Арабские страны не признавали Израиль, требовали уничтожить еврейское государство, а его территорию вернуть арабам. О создании самостоятельного палестинского государства тогда не говорили. Часть территории, которую ООН в 1947 году решила отдать палестинским арабам, прихватила Иордания. Другую часть — сектор Газа — присоединил к себе Египет.
Египет и Иордания управляли этими землями девятнадцать лет, до шестидневной войны 1967 года, но им и в голову не пришло передать эти территории самим палестинцам, чтобы они создали свое государство.
В истории человечества Палестина, эта узкая полоска земли, обрела значение, которое нельзя объяснить обычными экономическими или политическими терминами.

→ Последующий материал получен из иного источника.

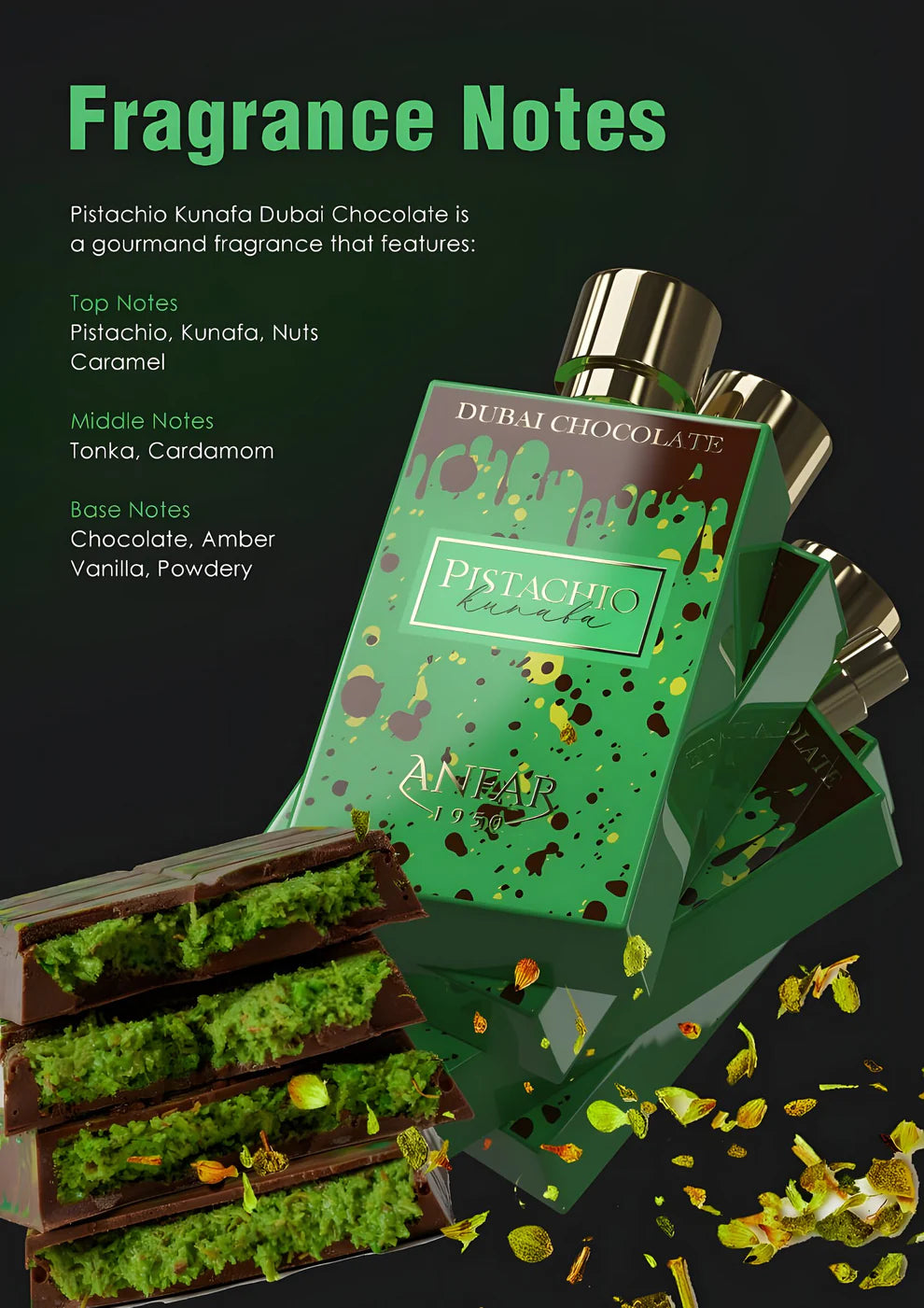 ANFAR 1950 Dubai Chocolate Pistachio Kunafa Eau De Parfum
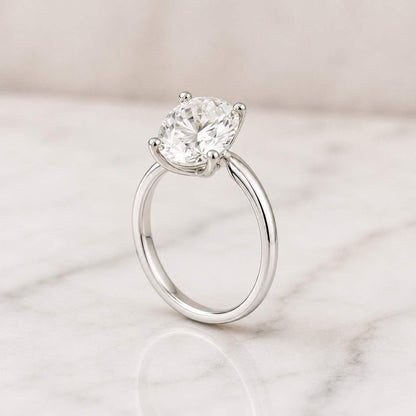 Solid Gold Oval Cut Moissanite Engagement Ring with Hidden Halo, Anniversary Gift for Her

Ни одна территория такого небольшого размера не оказала столь глубокого влияния на мировую историю, потому что здесь зародились три мировые религии…
Примаков видел триумфальные выступления Насера перед египтянами, которые восторженно встречали своего вождя, и его трагедию, когда Египет потерпел сокрушительное поражение в шестидневной войне 1967 года.
И в 1967 году, и позднее Примаков писал очень злые антиизральские статьи и книги. Израиль тогда неизменно именовался агрессором. Современная история трактует события тех лет иначе.